Friday, December 10, 2010

delights in the law of the LORD - December 10, 2010

Rather, the law of the LORD is their joy; God's law they study day and night. Psalm 1:2

Life presents wit, humor, sublimity, solemnity. Our brains allow us to reason, to make decisions. Life presents pain, terror, and fear. Each individual reacts differently. Being Christian is difficult. It asks us to accept, believe, and follow ancient documents written thousands and thousands of years ago. It is easy saying that we believe in God. Living a life that says we believe in God is difficult.

December days become shorter and shorter. The temperature is going lower and lower.

It is important to encourage our hearts, minds, and souls to expand, to learn about different subjects, to learn how to love, how to hope, how to share in the name of Jesus Christ. It is very important to learn how to embrace all sorts of goodness, kindness, and holiness. It is important to aspire for the goodness of heaven. It is important to inspire the kindness and compassion of Jesus Christ in ourselves and our neighbors. We must learn how to embrace charity, humility, and obedience to God in our daily lives. We must embrace our belief in social justice as taught by Jesus Christ.

The Mass allows each of us who believe and who open our hearts, minds, and souls, freely and completely to the Lord to experience an absolutely heavenly place, filled with love, filled with hope, filled with faith, beautifully surpassing my expectations. There is nothing old-fashioned about the Mass. There is something very comforting, very nurturing.

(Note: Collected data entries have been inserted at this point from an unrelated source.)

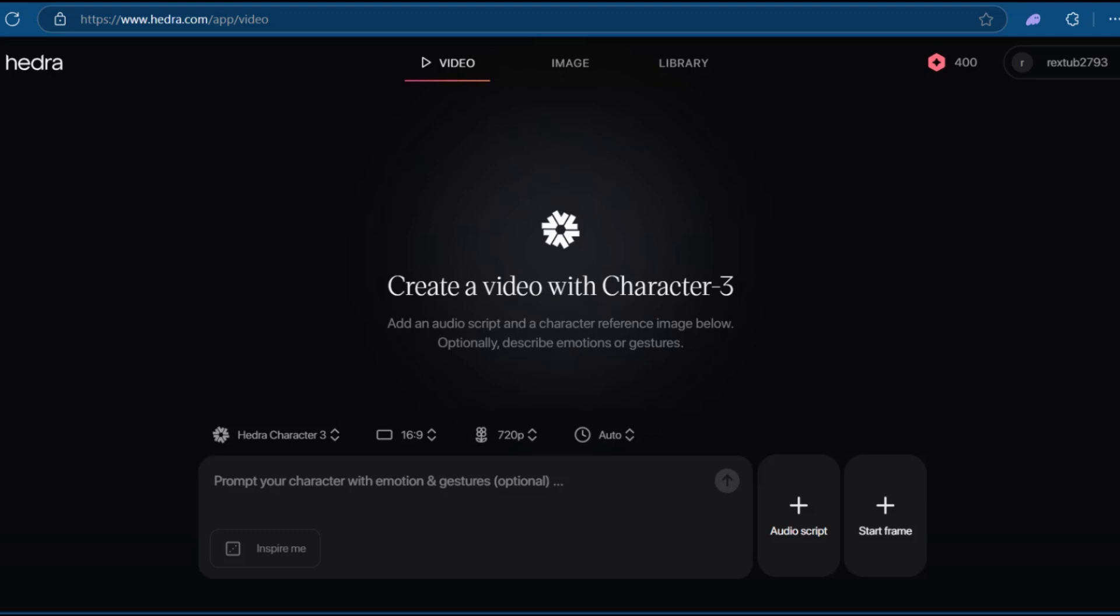We're currently on hedra.com, and you can see the interface. At this area here, you can see Hedra Character 3, and we'll be working on the prompts to make our creation.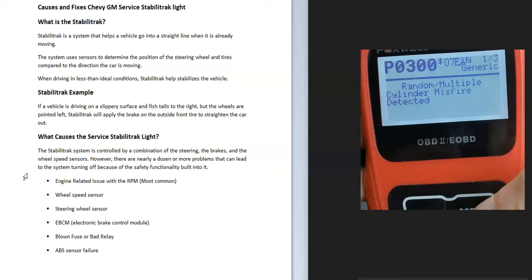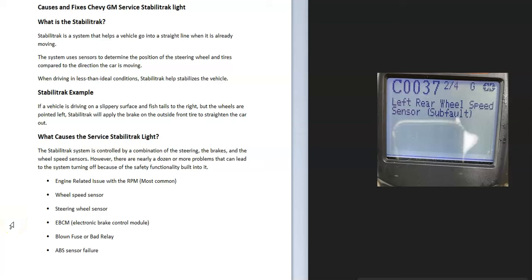Once you read the codes, it'll tell you what the problem is. For example, a P0300 code is a random multiple cylinder misfire, meaning something's going on with the engine — could be a bad spark plug or a bad spark plug wire. Another example would be a C0037 code, which is a left rear wheel speed sensor. If you read that code, that wheel speed sensor very likely needs to be replaced, and that would solve the issue.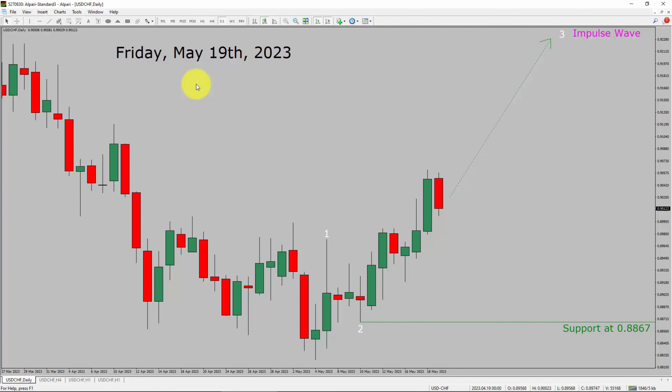Today is Friday, May 19, 2023. I am going to analyze the USD-CHF currency pair. Let us start the top to bottom Elliott Wave Analysis.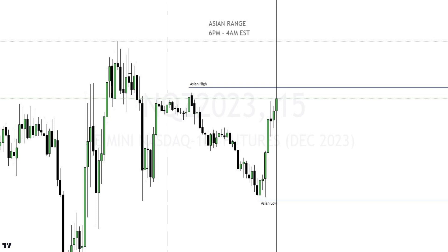After establishing your liquidity points and daily bias, you wait for price to run the stops above a high if you're bearish, or below a low if you're bullish. In my opinion, if you're bearish for the day, don't look for bullish PD arrays — that'll confuse you. Always follow your bias. When you get that stop run, wait for displacement in the opposite direction, then a market structure shift that leaves behind a fair value gap. Displacement is just an aggressive move in either direction.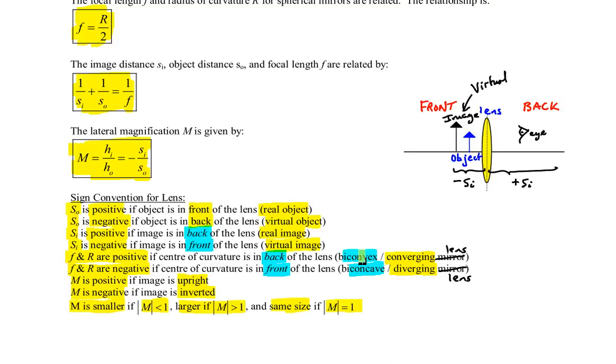That's it for our introduction to converging and diverging lenses. You can move on to ray diagrams and then start your problem solving.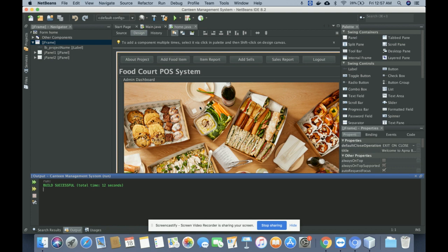It is a mini project where admin can login and perform the operations needed in a canteen management system. If you need more functionality, just put it in the comments and I will incorporate those changes. Don't forget to subscribe to get the latest project videos. Thanks for watching — thank you very much.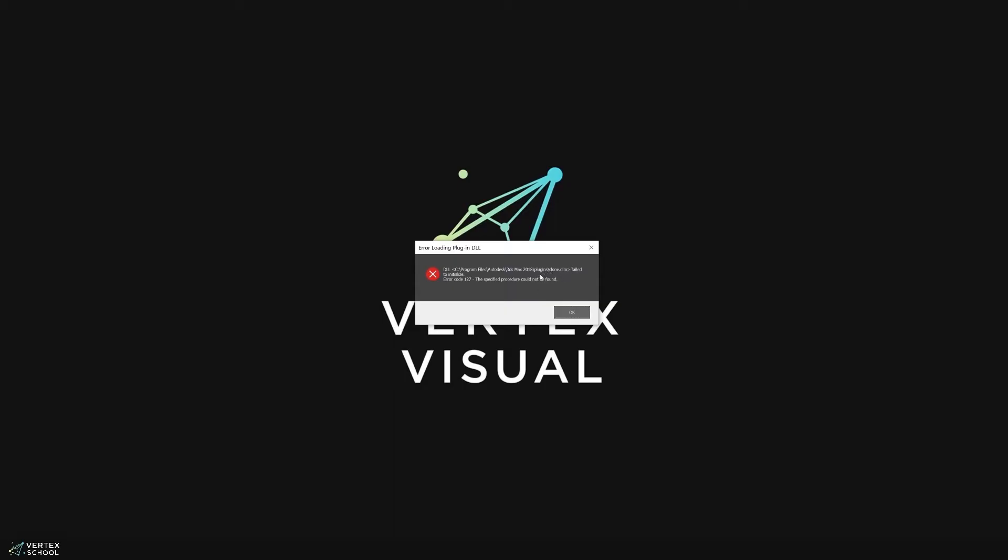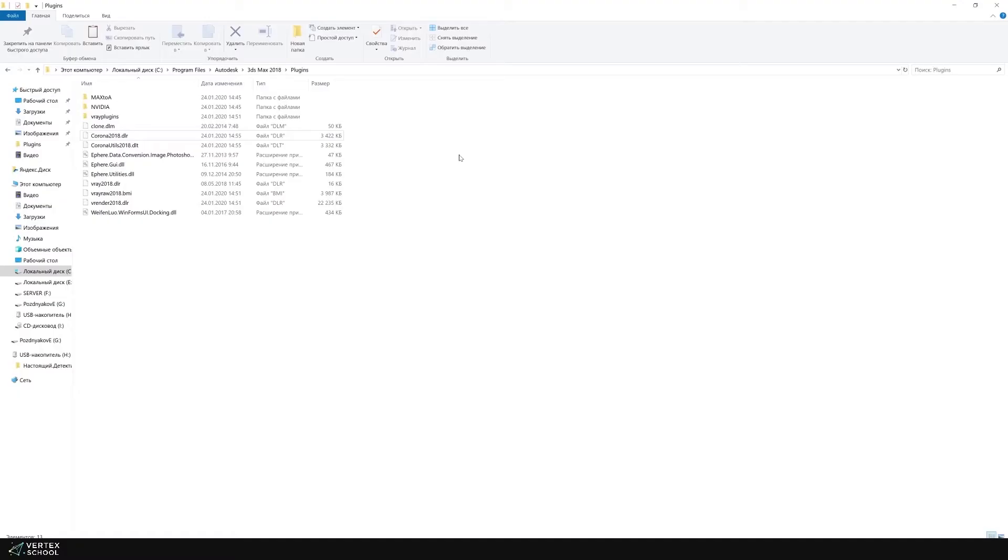To do this, the window has a hint which plugin does not work and what path to the folder it is on. We go to the folder at the specified path which was indicated in the error.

There is a simple plan to improve the spiritual life of all present, of all who allow themselves to believe, who allow themselves to follow the teachings of Jesus Christ. The prayers and readings lead the imagination upward, heavenward, to the high gables of belfry towers of peace, goodwill, mercy. There is something delightfully fresh, delightfully cleansing, delightfully gentle. Each word has a purpose. Each word brings God alive before us, each word presents lessons on how to live in a manner pleasing to God.

There is something dreamy about the Mass. There is something magnificent. The Mass is more than an event. It is a portal, a doorway leading to love, leading to the Lord Jesus Christ. There is something translucent, transcendent about the experience of the Mass. The Mass is filled with old prayers which breathe new life into the hearts, minds, and souls of those present who listen and believe.

Each Mass presents something for our minds to wonder about, to ponder about after the Mass is over. The beauty of the Mass is that the simplicity of its design allows for and encourages us to listen attentively, to ask ourselves questions, to allow the questions to resonate, to think of the questions after the Mass is over. Each Mass allows and encourages us to discern, to ask ourselves how to be better servants of God, asks us how to do the work of God, asks us how do each one of us follow in the footsteps of Jesus Christ.